BEGIN MATERIALS PROVIDED

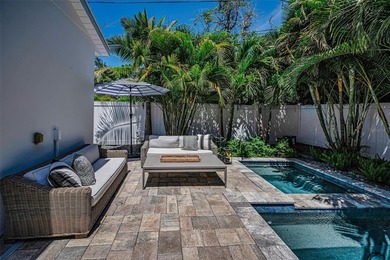 An exceptional expression of contemporary architecture, this 3 - photo 42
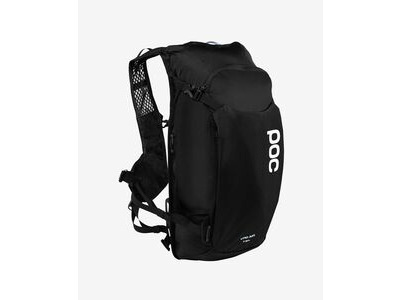 POC Sports Spine VPD Air Backpack 13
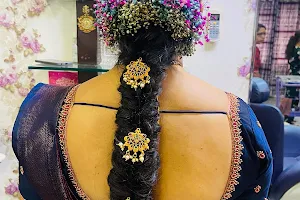 Aishwarya Herbal Beauty Parlour Puttur image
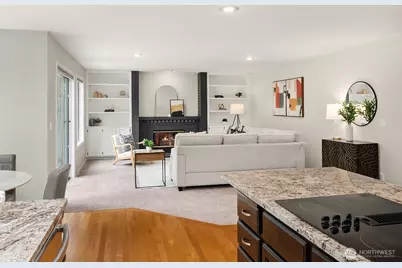 13014 NE 197th Place, Woodinville, WA 98072 - Photo 17
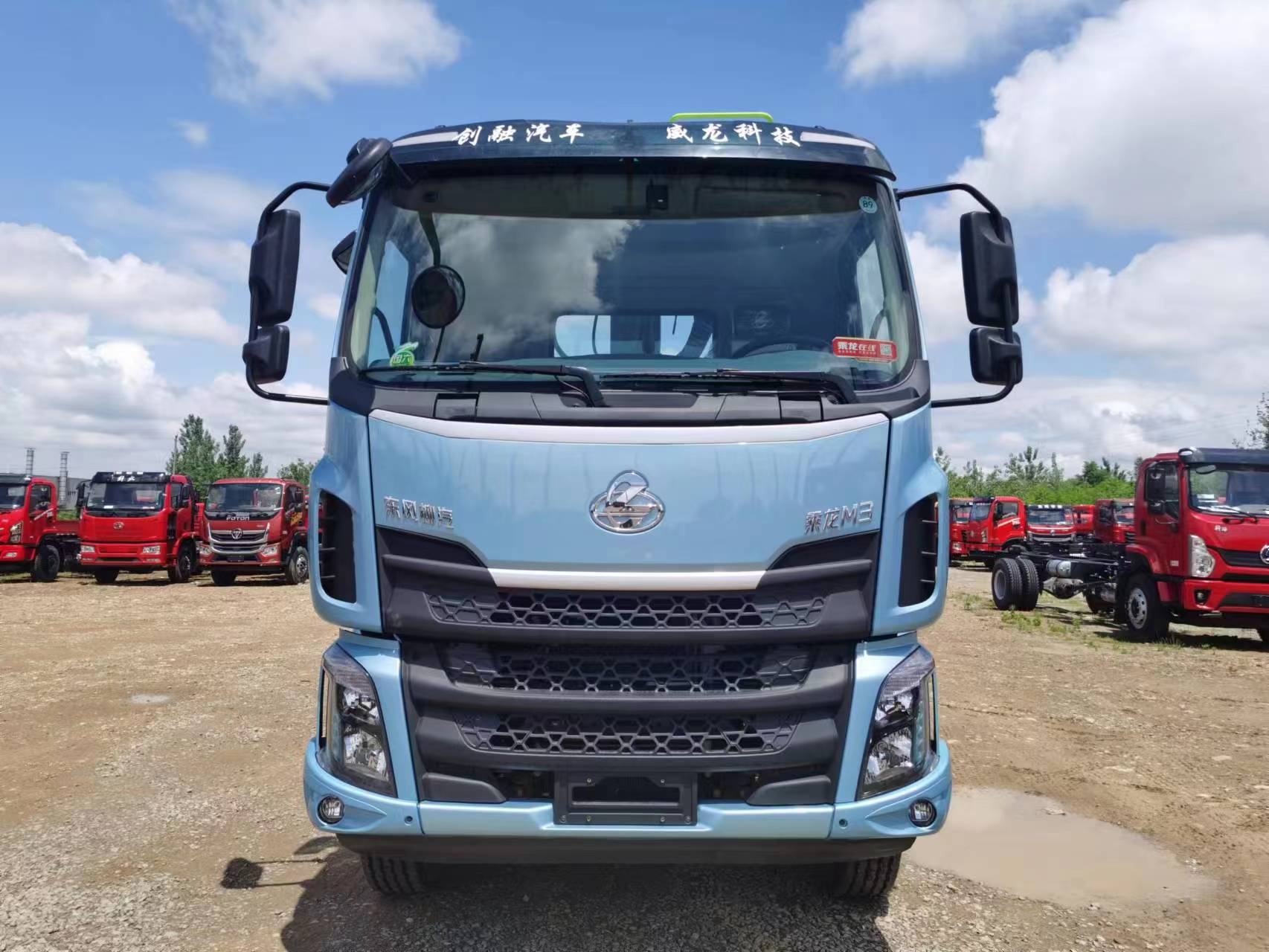 河南蓝牌随车吊二手市场,河南省二手随车吊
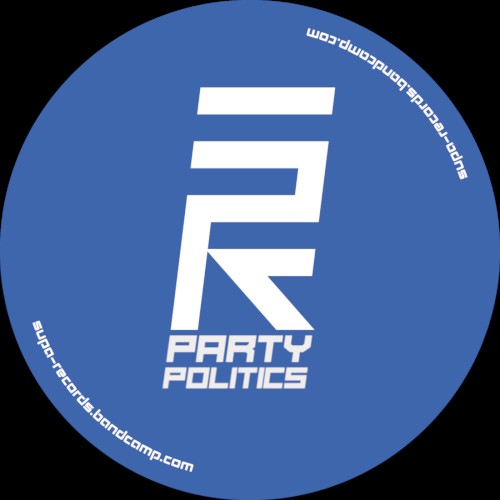 Party Politics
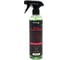Очиститель салона Ifoam «All-cleaner» 215250 1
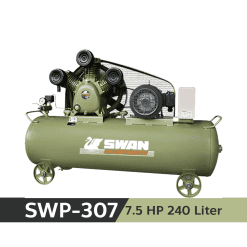 SWP-307-7.5-240 by stintertrade
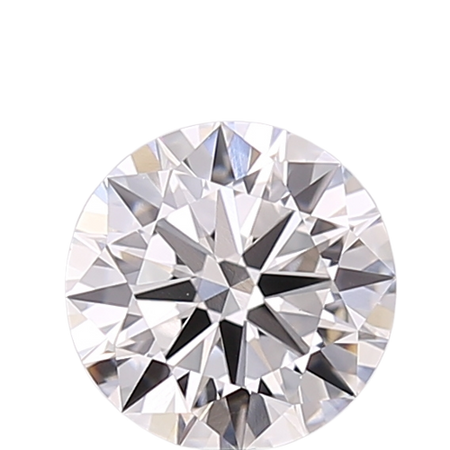 srdl_lab_loosediamond_round_01-52_vvs2_f_b48583e1be85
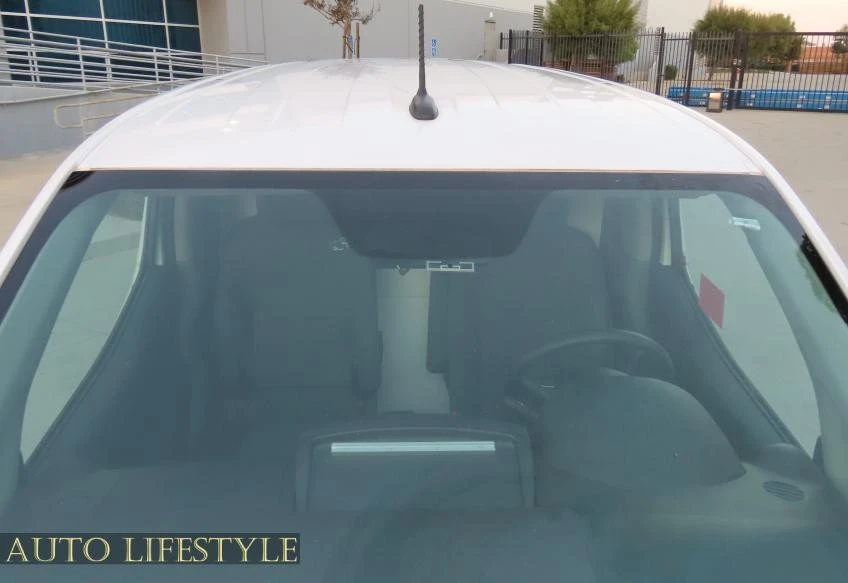 2019 Nissan NV - Image 14 of 21
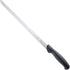 Mercer Culinary M13914 Millennia Black Handle, 14-Inch, Slicer...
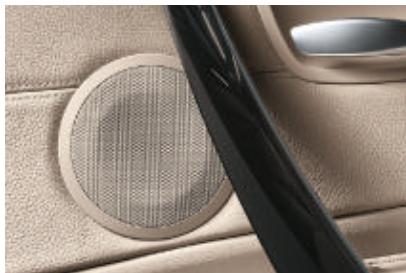 BMW 120D CABRIOLET - Émissions minimales. - 19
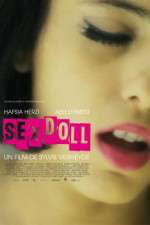 Watch Sex Doll 123MoviesFree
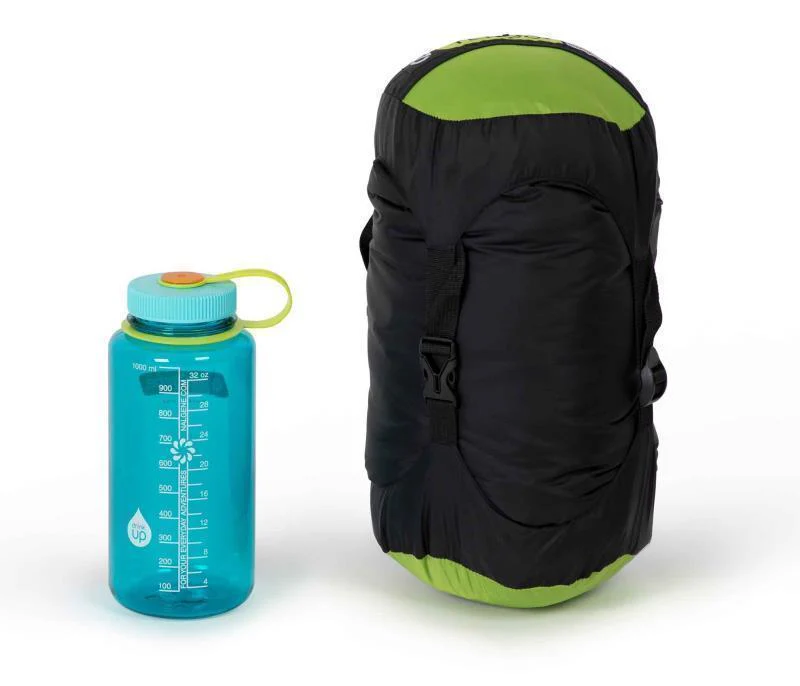 Tempo 35, 2C / 35F, Reg - Mens - Image 7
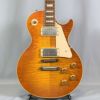 【中古】GibsonCustomShopStandardHistoric1959LesPaulStandardReissueVOS2016ギブソンカスタムショップレスポールスタンダードヒストリック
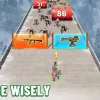 Step-by-Step Tutorial: Master Evony for Better Games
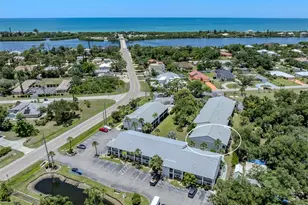 1730 Manasota Beach Rd, Englewood, FL 34223 - Photo 39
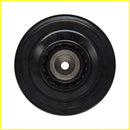 fffffffffe3ffc0ff007e083e003c001c081c001e003e003f007f80ffe3fffff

END MATERIALS PROVIDED

EXERCISE DIRECTIONS -
Your copy must reproduce the entries above in full, without their pictures.

SOLUTION TO THE PROBLEM -
 An exceptional expression of contemporary architecture, this 3 - photo 42
 POC Sports Spine VPD Air Backpack 13
 Aishwarya Herbal Beauty Parlour Puttur image
 13014 NE 197th Place, Woodinville, WA 98072 - Photo 17
 河南蓝牌随车吊二手市场,河南省二手随车吊
 Party Politics
Очиститель салона Ifoam «All-cleaner» 215250 1
 SWP-307-7.5-240 by stintertrade
 srdl_lab_loosediamond_round_01-52_vvs2_f_b48583e1be85
 2019 Nissan NV - Image 14 of 21
 Mercer Culinary M13914 Millennia Black Handle, 14-Inch, Slicer...
 BMW 120D CABRIOLET - Émissions minimales. - 19
 Watch Sex Doll 123MoviesFree
 Tempo 35, 2C / 35F, Reg - Mens - Image 7
 【中古】GibsonCustomShopStandardHistoric1959LesPaulStandardReissueVOS2016ギブソンカスタムショップレスポールスタンダードヒストリック
 Step-by-Step Tutorial: Master Evony for Better Games
 1730 Manasota Beach Rd, Englewood, FL 34223 - Photo 39
 fffffffffe3ffc0ff007e083e003c001c081c001e003e003f007f80ffe3fffff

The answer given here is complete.